From 0561e9a49a014f42ad39c8ca3beaa35c452fc9b1 Mon Sep 17 00:00:00 2001
From: ledwards2225 <l.edwards.d@gmail.com>
Date: Wed, 13 May 2026 18:24:04 +0000
Subject: [PATCH 2/8] Remove O8 (subsumed by O2)

---
 AZIPs/azip-chonk-v5-prover-optimizations.md | 16 +---------------
 1 file changed, 1 insertion(+), 15 deletions(-)

diff --git a/AZIPs/azip-chonk-v5-prover-optimizations.md b/AZIPs/azip-chonk-v5-prover-optimizations.md
index bd99296..681741c 100644
--- a/AZIPs/azip-chonk-v5-prover-optimizations.md
+++ b/AZIPs/azip-chonk-v5-prover-optimizations.md
@@ -37,7 +37,6 @@ The key words "MUST", "MUST NOT", "REQUIRED", "SHALL", "SHALL NOT", "SHOULD", "S
 | O5 | Joint MegaZK + translator sumcheck and PCS | Final Chonk proof |
 | O6 | Fixed lookup tables in recursive IPA verifier | Root rollup recursive IPA |
 | O7 | Dyadic circuit-size constants | Proof-length and folding-size bounds |
-| O8 | Databus relation simplification and app-calldata column extension | Mega flavor databus |
 
 ### Optimization O1: Compressed Poseidon2 internal layout
 
@@ -136,19 +135,6 @@ The Ultra-flavor recursive proof length drops from 449 to 410 field elements (sm
 
 **Security.** Lowering the Ultra proof-size bound narrows the verifier's accepted range and will cause it to reject v4-shaped proofs.
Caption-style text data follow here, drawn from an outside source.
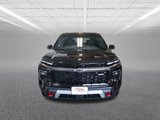 New 2026 Chevrolet Traverse Z71 image 3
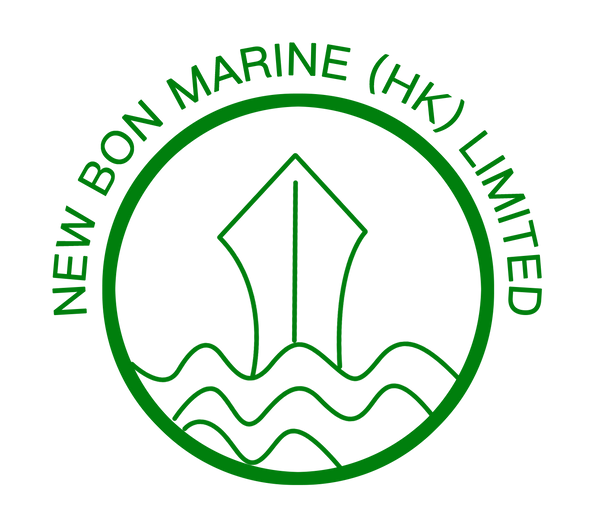 New Bon Marine (HK) Ltd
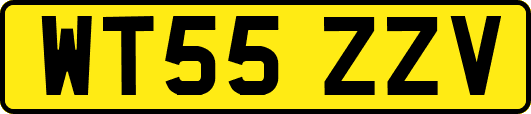 WT55ZZV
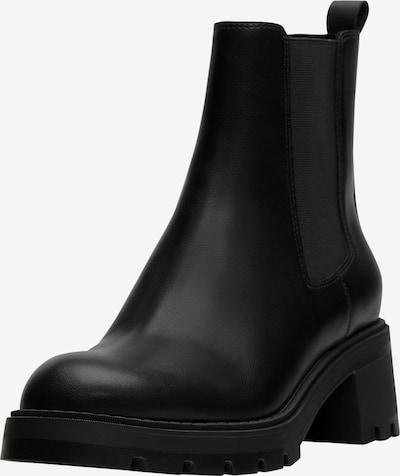 Pull&Bear Chelsea čizme u crna, Pregled proizvoda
Raising the Chonk fold bound enlarges the prover's accepted circuit-size range; downstream consumers (the recursive verifier and trace allocation in particular) MUST tolerate the new maximum without overflow.
 
-### Optimization O8: Databus relation simplification and app-calldata column extension
-
-The databus (the lookup mechanism that ties kernel-circuit values to app-circuit values) previously carried a boolean witness polynomial per column to flag which rows are read accesses. v5 rewrites the underlying lookup-correctness check so those flag polynomials are no longer needed and removes them from every column. Separately, the databus gains additional columns to carry kernel-to-app calldata for multiple apps per kernel invocation, matching the multi-app kernel variants (see [O2](#optimization-o2-multi-app-private-kernel-variants)). The number of bus columns grows from three to five: one for kernel calldata, three for per-app calldata (one per app slot), and one for return data.
-
-The flag-polynomial removal is a strict witness-set reduction at no verifier cost. The column extension supplies the capacity the multi-app kernel variants need; together, each new column costs three derived polynomials instead of four.
-
-- The Mega-flavor databus MUST expose exactly one kernel-calldata column, three per-app calldata columns (one per app slot), and one return-data column.
-- The Mega-flavor witness set MUST NOT include the previous per-column read-flag polynomials.
-
-**Rationale.** The flag polynomials are redundant once the lookup-correctness check is split into two branches: one for "is this row a read" and one for "what is the read count". Removing them is free. The column extension is dictated by O2: a 3-app kernel needs to route calldata to three distinct app slots. The two changes ship together because the simplification reduces the per-column cost of adding each new bus.
-
-**Security.** The new lookup-correctness formulation MUST be audited against the previous flag-based version for equisatisfiability on every well-formed read pattern. Each per-app calldata column MUST be constrained to carry only the calldata of its corresponding app slot.
-
 ## Rationale
 
 Per-optimization design rationale is stated inside the corresponding subsection under [Specification](#specification).
@@ -169,7 +155,7 @@ See implementation details for specific per-optimization testing.
 
 ## Reference Implementation
 
-The reference implementation lives in `AztecProtocol/aztec-packages`. Each optimization landed via the following PR(s): O1 #22652, O2 #23076, O3 #22775, O4 #22334 (with prerequisite #22396), O5 #21246 / #21376 / #21263, O6 #22320, O7 #21762, O8 #22610 / #23010.
+The reference implementation lives in `AztecProtocol/aztec-packages`. Each optimization landed via the following PR(s): O1 #22652, O2 #23076, O3 #22775, O4 #22334 (with prerequisite #22396), O5 #21246 / #21376 / #21263, O6 #22320, O7 #21762.
 
 ## Security Considerations
 

From ae82d81bcbecf75510ddbdc88b002b77c4b93573 Mon Sep 17 00:00:00 2001
From: ledwards2225 <l.edwards.d@gmail.com>
Date: Wed, 13 May 2026 18:26:33 +0000
Subject: [PATCH 3/8] Remove O7 (minor)

---
 AZIPs/azip-chonk-v5-prover-optimizations.md | 17 +----------------
 1 file changed, 1 insertion(+), 16 deletions(-)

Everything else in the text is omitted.